A GROUP REPRESENTING  US fishing interests  is suing to block the federal government’s approval of Vineyard Wind, becoming the second organization to file a legal challenge to the nation’s first commercial offshore wind project.

The Responsible Offshore Development Alliance, a coalition of fishing industry associations and companies, signaled on Monday its intent to sue the Bureau of Ocean Energy Management by filing a petition with the First Circuit US Court of Appeals seeking clarification on which court is the most appropriate to hear the challenge.

In a press release, the alliance criticized the Bureau of Ocean Energy Management for its hasty approval of Vineyard Wind and the agency’s failure to take into account the concerns of the fishing industry. The alliance said the design of Vineyard Wind bunches the turbines too close together and fails to take into account the cumulative environmental impact of building dozens of wind farms along the East Coast.

“BOEM has failed to sincerely consider any mitigation measures beyond those voluntarily suggested by the investment banks and multinational energy giants to which it is leasing federal lands and waters. Climate change must be addressed, but in a way that deliberatively minimizes these emerging technologies’ direct impacts to marine ecosystems, biodiversity, and food security,” the alliance said in a press release.

The alliance’s concerns are not new. Just as wind energy proponents criticized the Trump administration for delaying action on Vineyard Wind for several years, the Responsible Offshore Development Alliance criticized the Biden administration for quickly reversing course after the election and giving the wind farm a quick approval.

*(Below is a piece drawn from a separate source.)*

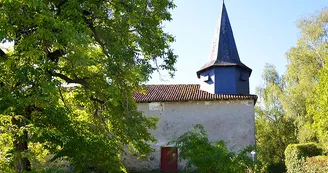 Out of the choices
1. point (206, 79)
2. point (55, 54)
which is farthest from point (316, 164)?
point (206, 79)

The Responsible Offshore Development Alliance is the second group to challenge Vineyard Wind in court. Late last month, two Nantucket residents backed by a group of think tanks and beachfront property owners filed suit seeking to block Vineyard Wind until regulators can assure the safety of the endangered North Atlantic Right Whale.

The lawsuits raise the possibility that litigation might be a way to slow and possibly kill wind farms that state and federal officials are counting on to decarbonize the economy. Cape Wind, which sought to become the nation’s first wind farm, was stalled and eventually killed when lawsuits made it impossible to retain investors and begin energy production on time.